> EXCERPTED RECORDS
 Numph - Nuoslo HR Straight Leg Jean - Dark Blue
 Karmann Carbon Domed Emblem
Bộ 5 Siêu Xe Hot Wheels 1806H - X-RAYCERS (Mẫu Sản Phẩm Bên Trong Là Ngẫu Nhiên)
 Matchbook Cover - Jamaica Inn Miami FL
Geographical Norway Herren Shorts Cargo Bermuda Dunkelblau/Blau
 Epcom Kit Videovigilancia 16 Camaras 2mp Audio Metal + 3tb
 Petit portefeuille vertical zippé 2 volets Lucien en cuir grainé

--

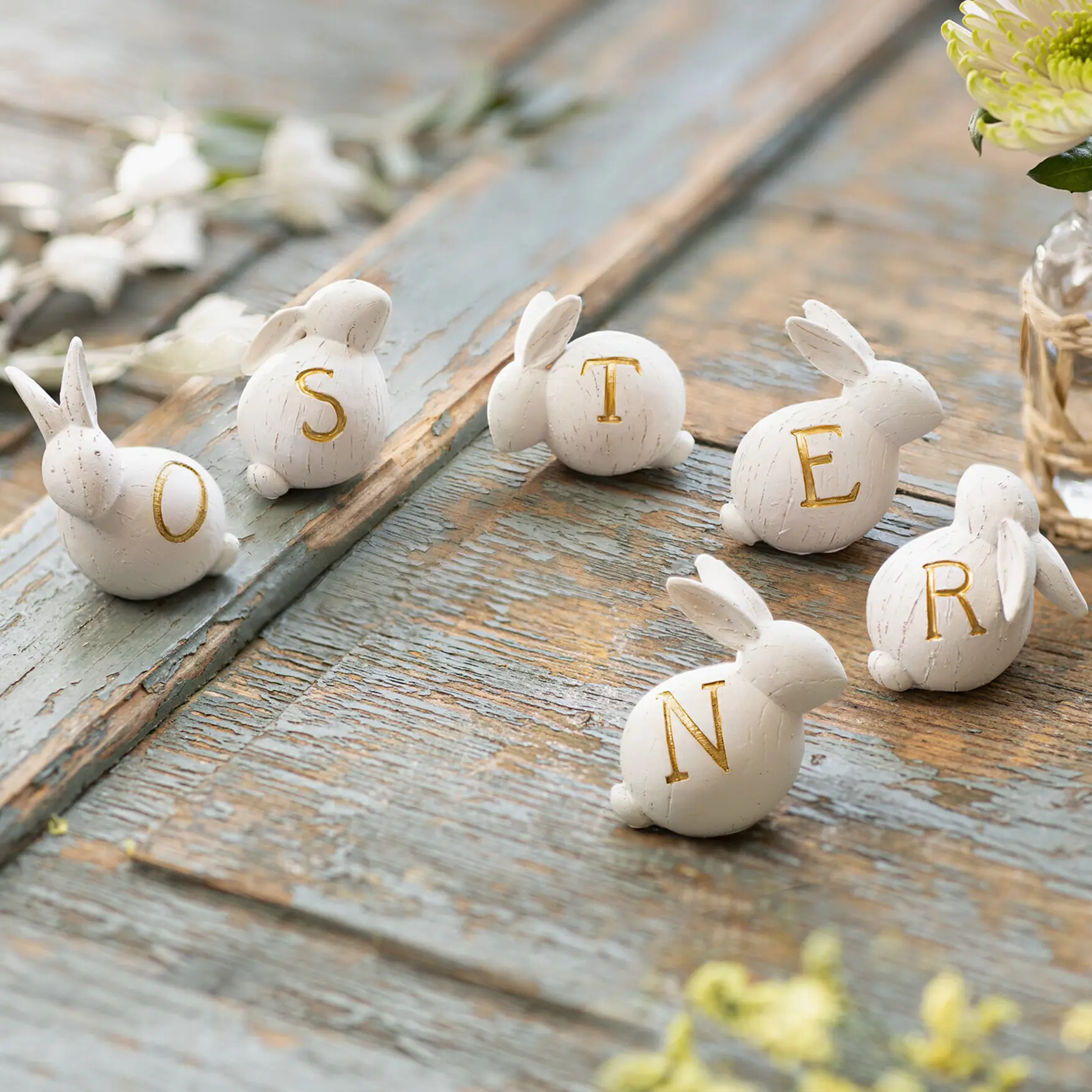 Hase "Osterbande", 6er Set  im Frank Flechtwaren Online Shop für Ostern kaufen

> TASK REQUIREMENTS
Reprint exactly the lines above that start at the one with "Epcom Kit Videovigilancia" and end at the one with "Petit portefeuille vertical", keeping both and adding none.

> COMPLETED EXERCISE
 Epcom Kit Videovigilancia 16 Camaras 2mp Audio Metal + 3tb
 Petit portefeuille vertical zippé 2 volets Lucien en cuir grainé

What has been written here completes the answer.